Space-Efficient FPT Algorithms

TL;DR

This paper introduces new space-efficient fixed-parameter tractable algorithms for various problems, expanding the understanding of parameterized complexity classes with practical algorithmic results.

Contribution

It provides the first algorithmic results for problems in the classes Para-L and FPT+XL, including Hitting Set, graph deletion, and Feedback Vertex Set.

Findings

Algorithms for Hitting Set and graph deletion in restricted-space classes.

Problems parameterized by vertex cover number are solvable in space-efficient fixed-parameter time.

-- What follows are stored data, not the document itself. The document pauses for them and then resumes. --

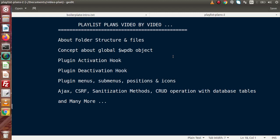After discussing about the global WPDB object, we will see about the plugin activation hook. Plugin activation hook means that when we install or activate a plugin, the actions or hooks triggered are called the plugin activation hook. The operations performed at plugin activation come under this hook. For example, if we want to create dynamic tables, dynamic pages, dynamic posts, and so on at the time of plugin activation, all of that will be covered inside the plugin activation hook.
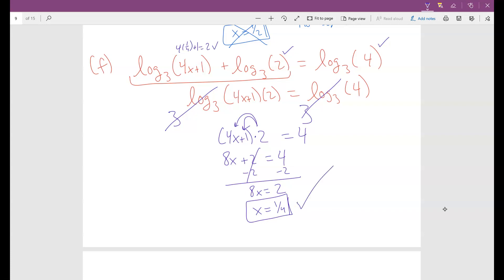Even when you have logs on both sides, you can still exponentiate to eliminate them. For this class, you won't have logs with different bases mixed together. This is basically how you solve these problems — they're not too bad. Just make sure you exponentiate correctly and be careful when checking your solutions.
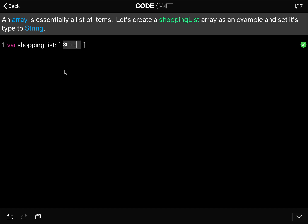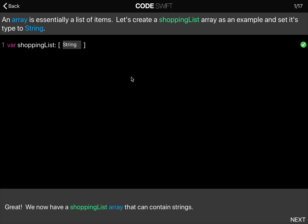Please note that the syntax for an array is to use the square bracket. You open it, you write the type, and you close it. So what this means is that we have a shopping list array that can contain strings — you can put strings inside it.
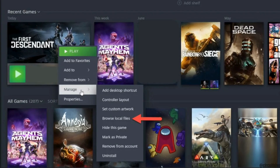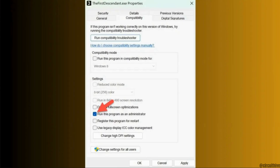Now for the next solution, right-click on the game icon, hover the cursor over Manage, and select the Browse Local Files option. You will be inside the install directory of the game. Right-click on the main executable, then click on Properties, and in Properties head over to the Compatibility tab. Check the Run as Administrator option and click to save changes.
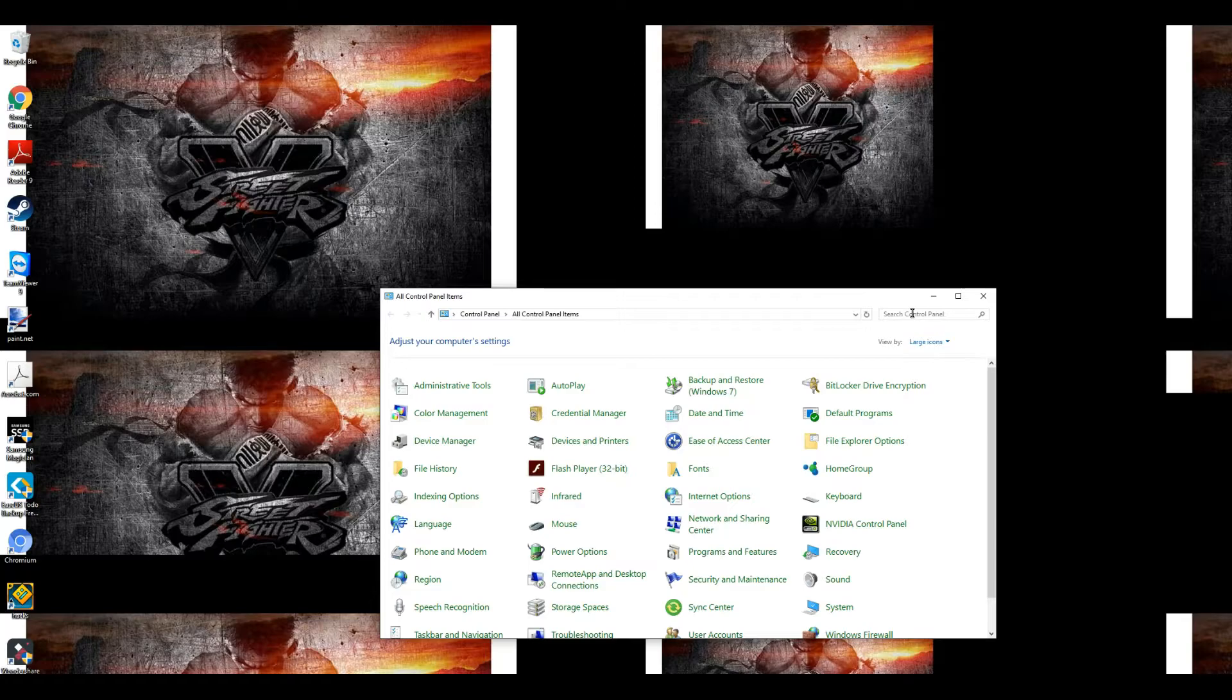Unfortunately, with going through all that, I actually corrupted one of my RAM sticks so I had to take it out. I'm gonna have to replace that as well.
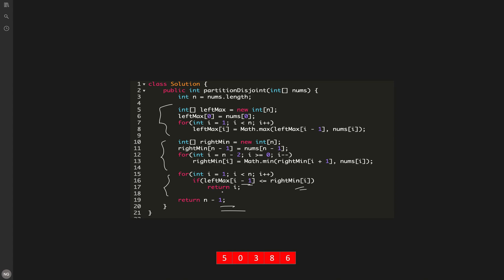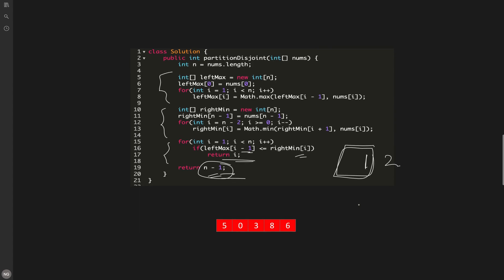In the code, we iterate from i=1 and compare left_max[i-1] with right_min[i]. The answer always returns from within the loop, and edge cases like a two-element array are also handled. Since we run three separate single for loops, the overall time complexity is O(n) and space complexity is O(n) for storing the left max and right min arrays.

Enhanced understanding of the algorithmic capabilities within Para-L and FPT+XL classes.

Abstract

We prove algorithmic results showing that a number of natural parameterized problems are in the restricted-space parameterized classes Para-L and FPT+XL. The first class comprises problems solvable in f(k) n^{O(1)} time using g(k) + O(log n)) bits of space (k is the parameter and n is the input size; f and g are computable functions). The second class comprises problems solvable under the same time bound, but using g(k) log n bits of space instead. Earlier work on these classes has focused largely on their structural aspects and their relationships with various other classes. We complement this with Para-L and FPT+XL algorithms for a restriction of Hitting Set, some graph deletion problems where the target class has an infinite forbidden set characterization, a number of problems parameterized by vertex cover number, and Feedback Vertex Set.